This weekend I accomplished something pretty significant.
On Thursday and Friday night I hosted a couple of shows at Laughing Devil Comedy Club, right here in Queens, NY. I’ve hosted open mics and bar shows before, but this was the first time I had ever been asked to host a show at an actual club.
Hosting at a club is a completely different animal. When you host an open mic or a bar show, you’re allowed a certain amount of freedom to mess around and goof off. Also, it’s almost guaranteed that the show is free. However, a comedy club is a much more professional setting. For better or worse, people are coming there expecting to see a professional comedy show. The irony is that alot of times the show will feature a few up and comers. Most likely the host will be the least experienced comic on the show, especially if you’re seeing the classic host/feature/headliner style comedy show.
The host is the voice of the show. The host is responsible for setting the tone of the entire show and, if another comic totally bombs, it is the host’s job to bring the energy back up. Most importantly, it is the host’s job to know when to just keep the show moving. If a comic goes up and totally kills, just go up and say, “Keep it going for so-and-so, now welcome your next comic THIS GUY/GAL!”
The only real way to climb up the comedy ladder is to start from the bottom. You can’t climb higher until you’ve proven yourself at the lower level first.

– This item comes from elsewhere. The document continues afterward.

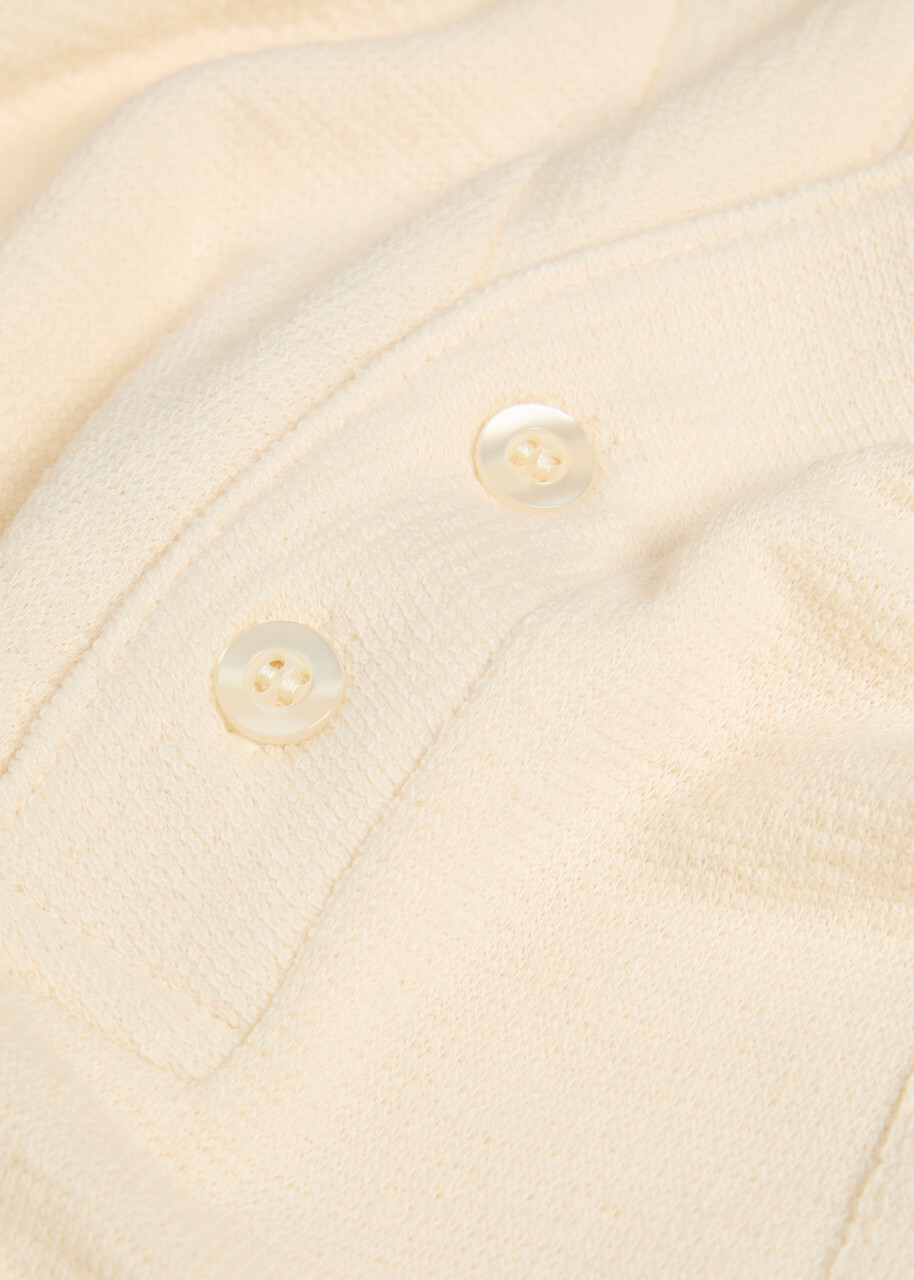 Gusari Miami Cotton Polo Shirt Off White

Jerry Langford: Alright, look pal, I gotta tell you… this is a crazy business, but it’s not unlike any other business. There are ground rules, and you don’t just walk on to a network show without experience. Now I know it’s an old, hackneyed expression, but it happens to be the truth. You’ve got to start at the bottom.
Rupert Pupkin: I know. That’s where I am, at the bottom.
Jerry Langford: Well, that’s the perfect place to start.
(Jerry Lewis and Robert De Niro in “The King of Comedy” 1982)
When I was asked to host a couple of shows at Laughing Devil I was excited for the chance to show that I could do it…but also very afraid that I would be terrible at it. I was scared that if I did a bad job it would take months to get a second chance. As is often the case with comedy, it can take a long time to make people forget how terrible you were. Case and point, I used to mop the floors at Laughing Devil Comedy Club.
When the club first opened in December of 2011, I got a job working the box office. I sold tickets and, after the shows, I would sweep and mop the place. About once a month I would sign up for the new talent shows to audition for the club, and for the first 6 months or so I would have mediocre (at best) auditions. I don’t remember the specifics, but I’m pretty sure I was horrible. Luckily, comedians have an amazing ability to forget. That’s what gets us back on stage after bombing.
I worked at Laughing Devil for about 6 months before quitting. I liked being there, but I was exhausted constantly. Between my full time job, the box office job, and doing open mics in NYC I had about 2 hours to sleep. Eventually that took it’s toll and I knew something had to go.
I kept auditioning every couple of months and finally had a good set in January of this year. I got another audition date for July, had another really good set, and that finally convinced them to pass me and let me perform there more regularly. December 2011 to July 2013. About 18 months is what it took to bomb and then get good enough to erase that bomb.
Now, in November of 2013, I am hosting professional comedy shows at the club where I used to mop the floors. But the question is, how did it go?
I couldn’t believe how great it went. People liked me, people loved the show, the energy was up and their spirits were high. It was a great couple of shows. I proved to myself that I could host, and I hopefully proved this to the club as well.
In New Hampshire I really didn’t have many opportunities to host. I was only performing at open mics and I really had no idea what a real club show was like. That’s why I jumped at the chance to work at Laughing Devil when it opened. I didn’t just sell tickets and mop floors for minimum wage, I got to see real comedy shows every night. I watched people do well, and I watched people do awful. I got to see good hosts and bad. I watched every comedian I could and tried to learn something from them. I went into my box office job assuming that I knew nothing and that the comic on stage knew everything. If I knew everything, I thought, then I’d be the one on stage. This helped get rid of any ego I had and allowed me to actually learn from the shows I was working at.
I remember watching comedy specials and episodes of Comedy Central Presents when I was in middle school/high school. I remember having that feeling of wanting to do what those comedians did, but having no idea how you do it. It took me until my senior year of college to do a stand up open mic, mostly because I had no idea that open mics for comedy even existed.
This weekend I hosted a show at a comedy club. People paid to see a great show, and that’s exactly what they got. 10 years ago I was just some kid watching comedy and wondering how you did that.
“Am I doing this?” is a question I ask myself frequently. Trying something and succeeding in comedy feels like when you ride a bike without training wheels. ”Am I doing this?”
This weekend I proved to myself that I have been working towards something and that I have been getting better. I am improving and the effort has been worth it. Honestly I’ve already made it way further in comedy than I thought I would when I did my first open mic almost 4 years ago.
I used to ask myself, “What am I doing?”